I was relieved that no one had stollen the instructor’s identity. And of course this was the same sweet dog 9 years later.

As I like to do, I made up a whole story about this instructor. This is ONLY my conjecture, based on my own projections.

I decided that between those videos 9 years ago and now, this instructor decided to stop doing the emotional labor of trying to be liked.

When she started her youtube channel, she truly enjoyed making those videos. For the first 10 or 20 or even 50 videos, she enjoyed being silly, providing banter, and dressing with a rocker vibe. She felt satisfied expressing real parts of her personality on her channel.

She got feedback from her fans that they loved it, so she gave even more of the same.

The pressure to get more subscribers and to make a living as an entrepreneur led her to keep performing these parts of her personality.

And then little by little, she stopped having fun with it. It started feeling like emotional labor.

For a while, she kept performing this way. The videos were popular, and she wasn’t exactly being inauthentic. It was just a little tiring, but work is supposed to be tiring, she told herself. It’s better than working in a mine.

But working in this way was feeling less and less sustainable until she began to DREAD making those videos.

She decided she either needed to consider letting the whole channel go, or to start doing the videos in a more easeful way.

She decided to just teach the yoga. She decided to focus on delivering great yoga instruction, but to let the rest of the effort go. She decided to just stop performing, and wear what felt appealing and comfortable to her NOW.

She decided to let people be disappointed by her more boring clothing and lack of jokes.

She started with “Let’s start in a seated position.” rather than “OK it’s day seven. Let’s go to heaven!” with a wink.

Her voice came out a little lower because that’s how her body was naturally changing AND because she was relaxing into her easiest way of speaking.

She decided that this was the only sustainable and joyful way for her to continue.

I’m an entrepreneur too, and I can relate to this story.

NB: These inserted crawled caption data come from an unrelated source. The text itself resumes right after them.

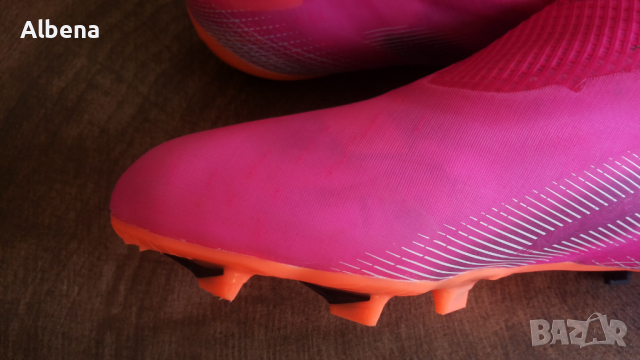 Adidas X GHOSTED+ Kids Football Shoes Размер EUR 36 / UK 3 1/2 детски бутонки 130-14-S, снимка 10 - Детски маратонки - 45036279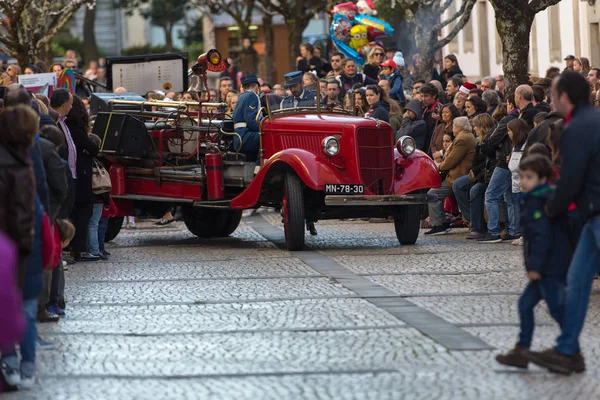 Desfile de Navidad de Braga —  Fotos de Stock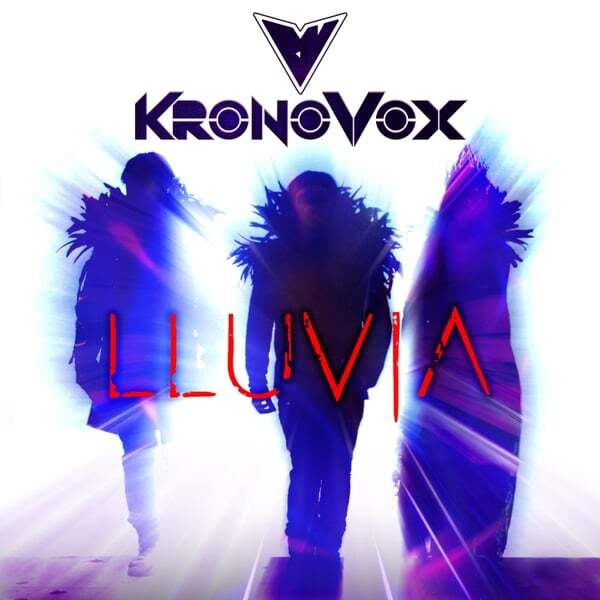 Cover art for Lluvia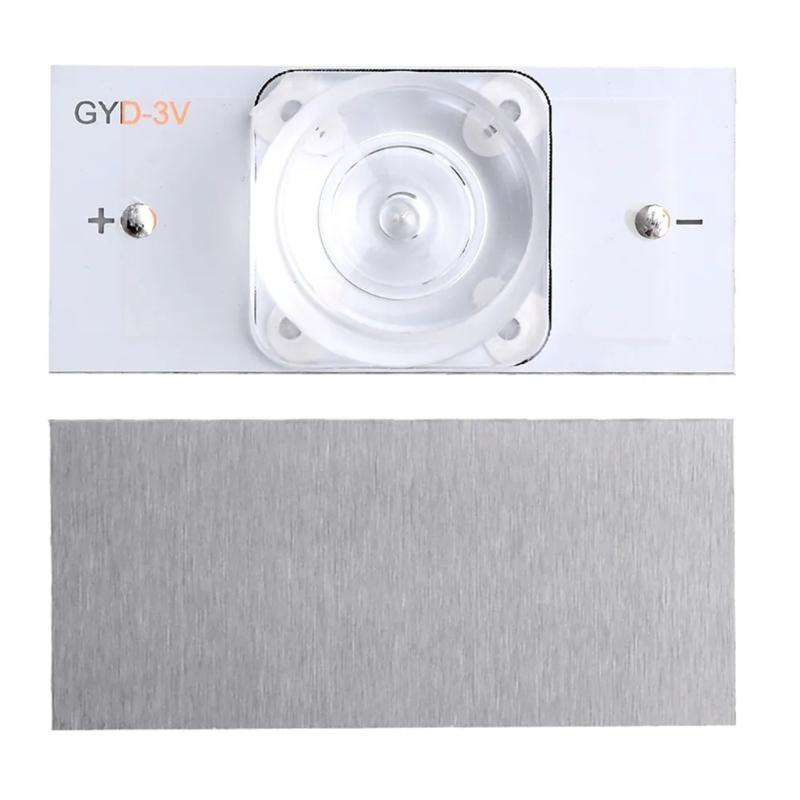 3V 6V LG6V Lamp Beads LED Backlight Bead with Opt Lens Fliter for TVs Repair Perfect for 32-65inch Screens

And yes, I haven’t forgotten that I made this story up.

I’ve been through a somewhat similar process. My process has shifted how I run my group coaching calls.

I used to show up to group coaching calls feeling the need to amp up my personality and lean into the parts of me that made people feel comfortable.

I performed warmth. I wanted to show that I was someone you could be yourself with.

I tried to bring a lot of energy to calls and show each person that I cared about them.

I was self-deprecating. I made lots of jokes. I’d always scan the zoom room for the least satisfied person and try to please them.

And then I got tired, and decided to show up to my calls in my more natural state, and stop performing so hard.

In my more natural state, I actually DO care about every person I’m working with, but the way that looks when I’m not performing is different.

Now I allow myself to breathe. I ask people to take care of themselves.

At the beginning of just about every call, I ask people to take a breath, notice if there’s anything hanging over their head, and then to jot it down or otherwise let it go so they can be more present.

Then I ask them to take another breath and see if there is an intention they’d like to set.

My focus in my coaching now is on being clear, giving honest and helpful feedback and asking questions that will help each person make their own best decisions in their businesses.

I’m fairly obsessed with doing that well. That’s part of how I love.

The feedback I’m MOST interested in now is what outcome participants are getting, and NOT how much they like me.

When I was performing care with more effort, my focus was, in a certain way, on me. When I’m serving and in more of my realness, I provide authentic care without translating it into a performance.

It’s TRULY OK with me now if I am not every person’s cup of tea.

The funny thing is though, I was never every person’s cup of tea anyway.

I wonder if folks who were coached by me back 5 or 10 years ago would notice a big change in how I behave now.

I wonder if they would see me as less vibrant. Or just less anxious.

I share all of this of course to invite you to ask yourself what you want to give yourself permission to stop performing.

I’d love to know what you come up with.